Fit FastKernelSurvivalSVM (scikit-survival) from an R data frame

This function wraps the Python implementation of sksurv.svm.FastKernelSurvivalSVM and provides a convenient R interface for fitting kernel-based survival SVMs to right-censored data.

fastsvm(
  data,
  time_col = "t",
  delta_col = "delta",
  kernel = "rbf",
  alpha = 1,
  rank_ratio = 0,
  fit_intercept = TRUE,
  ...
)

Arguments

data: A data.frame with survival times, event indicator, and covariates.
time_col: Name of the column in data containing survival times.
delta_col: Name of the column in data containing the event indicator (1 = event, 0 = right censoring).
kernel: Either a character string specifying a kernel supported by scikit-learn (for example "rbf", "poly", "sigmoid"), or an R function of the form function(x, z) ... that takes two numeric vectors and returns a scalar kernel value.
alpha: Regularization parameter controlling the weight of the squared hinge loss in the objective function (see scikit-survival documentation).
rank_ratio: Mixing parameter between regression and ranking objectives, with 0 <= rank_ratio <= 1. Use 0 for pure regression and 1 for pure ranking.
fit_intercept: Logical; if TRUE, an intercept is included in the regression objective (only relevant when rank_ratio < 1).
...: Additional arguments passed directly to sksurv.svm.FastKernelSurvivalSVM().

Value

An object of class "fastsvm", which wraps the underlying Python model and stores meta-information about the fit.

Details

The input data must contain a time column, an event indicator column, and one or more covariate columns.

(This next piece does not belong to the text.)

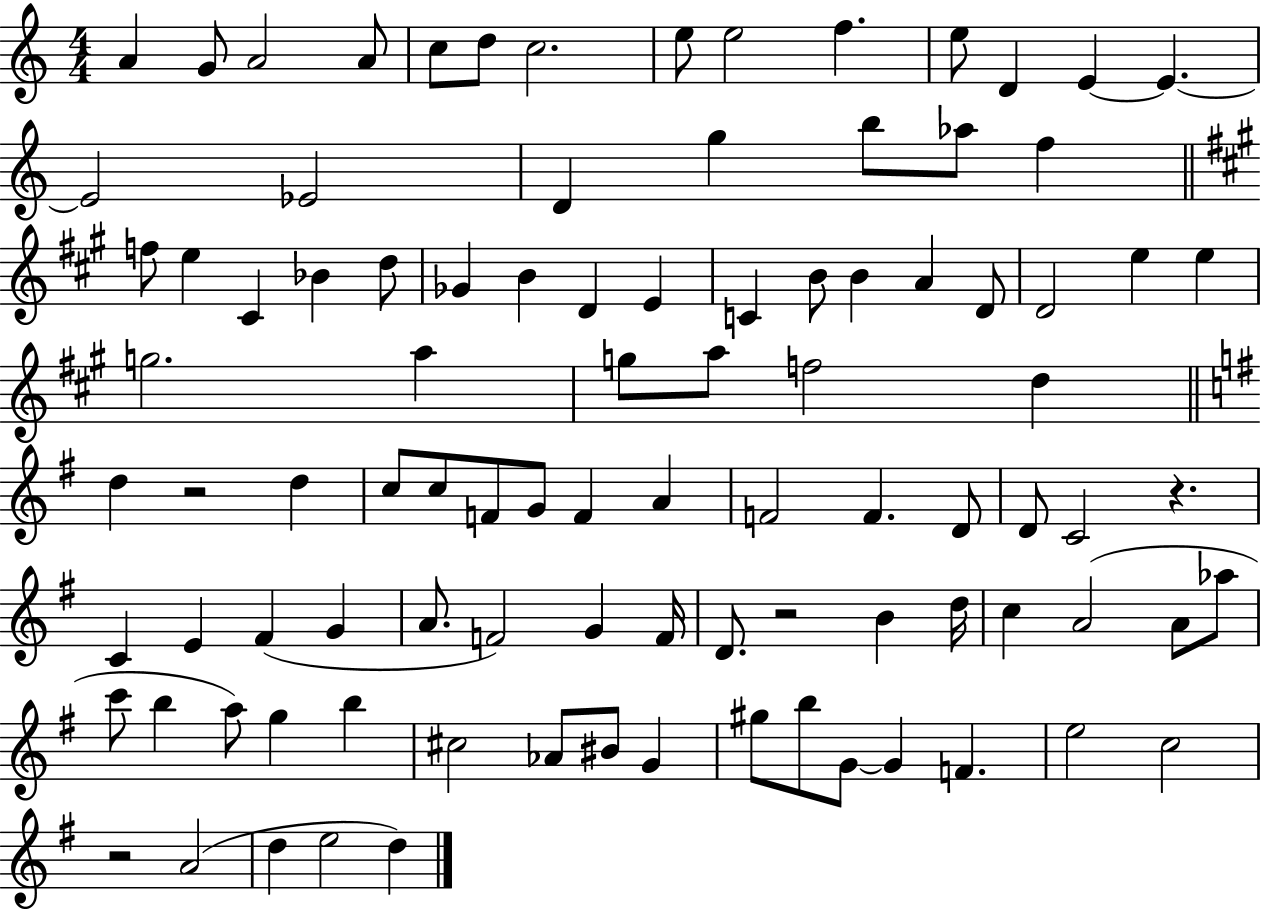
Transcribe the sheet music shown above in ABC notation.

Internally, the function constructs the survival outcome in the format required by scikit-survival and calls the Python estimator via reticulate.

Examples

if (reticulate::py_module_available("sksurv")) {
  set.seed(1)
  n <- 100
  df <- data.frame(
    time   = rexp(n, rate = 0.1),
    status = rbinom(n, 1, 0.7),  # 1 = event, 0 = censoring
    x1     = rnorm(n),
    x2     = rnorm(n)
  )

  # Example 1: using a built-in RBF kernel from scikit-learn
  fit_rbf <- fastsvm(
    data        = df,
    time_col    = "time",
    delta_col   = "status",
    kernel      = "rbf",
    alpha       = 1,
    rank_ratio  = 0   # pure regression
  )

  # Predictions (transformed survival times / risk scores)
  y_hat <- predict(fit_rbf, df)
  head(y_hat)

  # Concordance index on the training data
  cidx <- score(fit_rbf, df)
  cidx

  # Example 2: using a custom RBF kernel defined in R
  rbf_r <- function(x, z, sigma = 1) {
    d2 <- sum((x - z)^2)
    exp(-d2 / (2 * sigma^2))
  }

  fit_custom <- fastsvm(
    data        = df,
    time_col    = "time",
    delta_col   = "status",
    kernel      = function(x, z) rbf_r(x, z, sigma = 0.5),
    alpha       = 1,
    rank_ratio  = 0
  )

  summary(fit_custom)
}
#> Summary of FastKernelSurvivalSVM model (kernel survival SVM)
#> ======================================================================
#> 
#> == Data ==
#> - n (observations) : 100
#> - p (covariates)   : 2
#> - Covariates       :  x1, x2 
#> 
#> == Hyperparameters ==
#> - kernel           : custom callable function
#> - alpha            : 1
#> - rank_ratio       : 0 (0 = pure regression)
#> - fit_intercept    : TRUE
#> 
#> == Estimated parameters (coef_ = sample-wise weights alpha_i) ==
#> - Number of support-like vectors (|alpha_i| > 1e-8): 100
#> - Summary of alpha_i (coef_):
#>       Min.    1st Qu.     Median       Mean    3rd Qu.       Max. 
#> -2.261e+00 -2.964e-01  4.666e-03  6.800e-07  3.650e-01  1.768e+00 
#> 
#> - Number of optimization iterations: 11
#> ======================================================================